1. 7
  1.  

  2. 7

    Clicked, expecting to see Kubernetes mentioned.

    Was not disappointed.

    At a previous job, nodes in our EKS cluster would randomly lose DNS to other services in the cluster. AWS support couldn’t figure it out; our only solution was to terminate and replace the affected node whenever it happened.

    I’ll have to watch the video and see if their problem is anything like what we faced.

    1. 6

      I skipped to the end. It wasn’t about Kubernetes. I’m not sure if I should spoil it here. The journey is the bigger part of the talk, and a good lesson to take is to be willing/able to dig into how your libs work (not just YOUR code, but underlying dependencies). Implementation details can be important.

      1. 1

        At a previous job, nodes in our EKS cluster would randomly lose DNS to other services in the cluster. AWS support couldn’t figure it out; our only solution was to terminate and replace the affected node whenever it happened.

        This has happened to me once or twice (in the past year), as well.
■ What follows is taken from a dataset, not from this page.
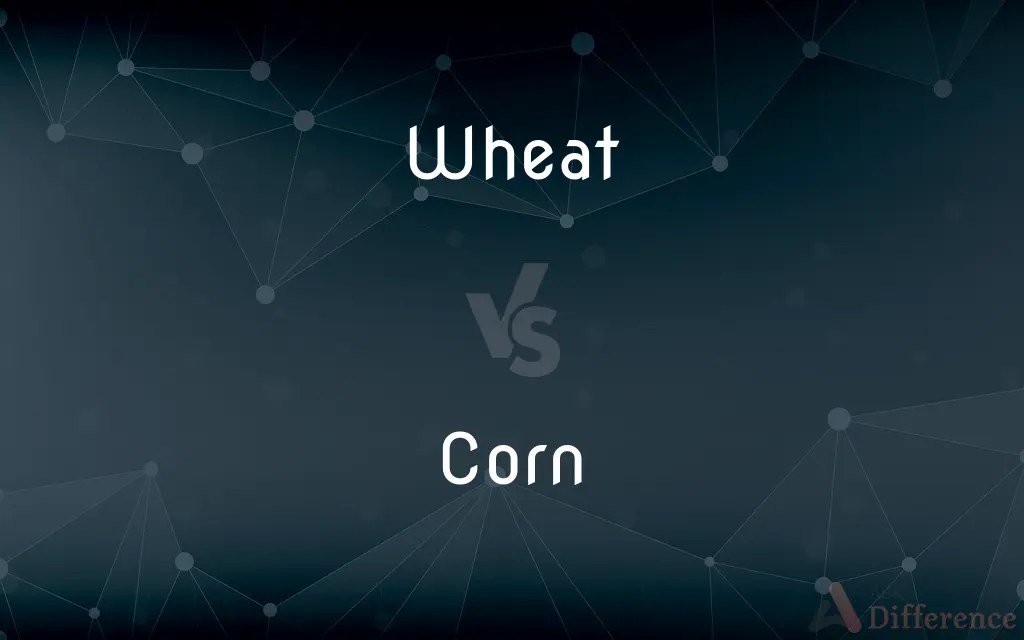 Wheat vs. Corn — What’s the Difference?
Terminating the instance was also the only fix I could find.

      2. 5

        This is a really good debugging deep dive, so many twists and turns!

        1. 1

          I think that this really comes down to the important distinction between abstraction and obfuscation. I don’t believe that RPC is an abstraction on-top of message passing, I believe it is an obfuscation. Even their fix is a bit wrong, because as they said, for a different use-case in their code those values were correct. If they were simply passing protobuf messages back and forth rather than using an RPC obfuscation that they don’t fully understand, this bug would have been much easier to find, indeed probably would have never occurred. The weird thing, is that RPC generally doesn’t even reduce the LOC count vs simple message passing. You have a caller and a receiver and you have to deal with async just the same…

          1. 1

            I don’t think the higher-level model is a problem in this case, but instead a combination of a couple of things:

            • GRPC includes fairly complicated service discovery and failure recovery machinery; they fixed their problem by reconfiguring it. A message-passing system would still need service discovery and failure recovery, so it could still cause overloads in the same way.

            • Their orchestration around restarts is ungraceful: they tear down the old service before traffic has moved over to the new service, and they heavily rely on their ingress layer to hold requests while the pods restart. They could also have solved the problem by starting the new pods first, reconfiguring service discovery, waiting for traffic to migrate, and finally tearing down the old pods.

            (There is, in fact, a small DNS issue, in that GRPC ignores the DNS TTL and has its own configuration its DNS cache refresh timer; in this case the GRPC timer was longer than the DNS TTL so it made restarts slower, exacerbating the problem.)